What the task requires:
Whenever a line in the entries includes the word "Holiday", copy that line out.

= Beginning of Section =

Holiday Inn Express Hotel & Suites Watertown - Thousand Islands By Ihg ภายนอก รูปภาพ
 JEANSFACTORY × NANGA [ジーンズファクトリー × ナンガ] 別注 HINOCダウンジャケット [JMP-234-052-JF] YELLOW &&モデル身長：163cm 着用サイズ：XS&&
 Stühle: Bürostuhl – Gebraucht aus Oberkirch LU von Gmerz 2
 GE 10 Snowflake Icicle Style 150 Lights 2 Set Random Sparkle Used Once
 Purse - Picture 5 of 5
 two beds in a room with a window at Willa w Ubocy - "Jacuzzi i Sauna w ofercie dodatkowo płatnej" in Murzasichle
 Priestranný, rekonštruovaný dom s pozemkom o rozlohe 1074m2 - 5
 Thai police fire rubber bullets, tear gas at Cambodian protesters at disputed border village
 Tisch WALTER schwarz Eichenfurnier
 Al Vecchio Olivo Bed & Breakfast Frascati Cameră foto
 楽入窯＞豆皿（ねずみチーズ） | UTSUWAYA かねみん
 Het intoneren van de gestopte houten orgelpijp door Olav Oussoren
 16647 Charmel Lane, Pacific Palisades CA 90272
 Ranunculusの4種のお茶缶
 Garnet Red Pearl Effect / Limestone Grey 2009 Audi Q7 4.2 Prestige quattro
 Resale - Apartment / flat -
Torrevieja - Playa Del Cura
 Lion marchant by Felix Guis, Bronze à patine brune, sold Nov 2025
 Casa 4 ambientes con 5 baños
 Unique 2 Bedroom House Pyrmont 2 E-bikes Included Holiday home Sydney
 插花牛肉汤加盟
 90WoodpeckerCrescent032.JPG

= End of Section =

Your solution:
Holiday Inn Express Hotel & Suites Watertown - Thousand Islands By Ihg ภายนอก รูปภาพ
 Unique 2 Bedroom House Pyrmont 2 E-bikes Included Holiday home Sydney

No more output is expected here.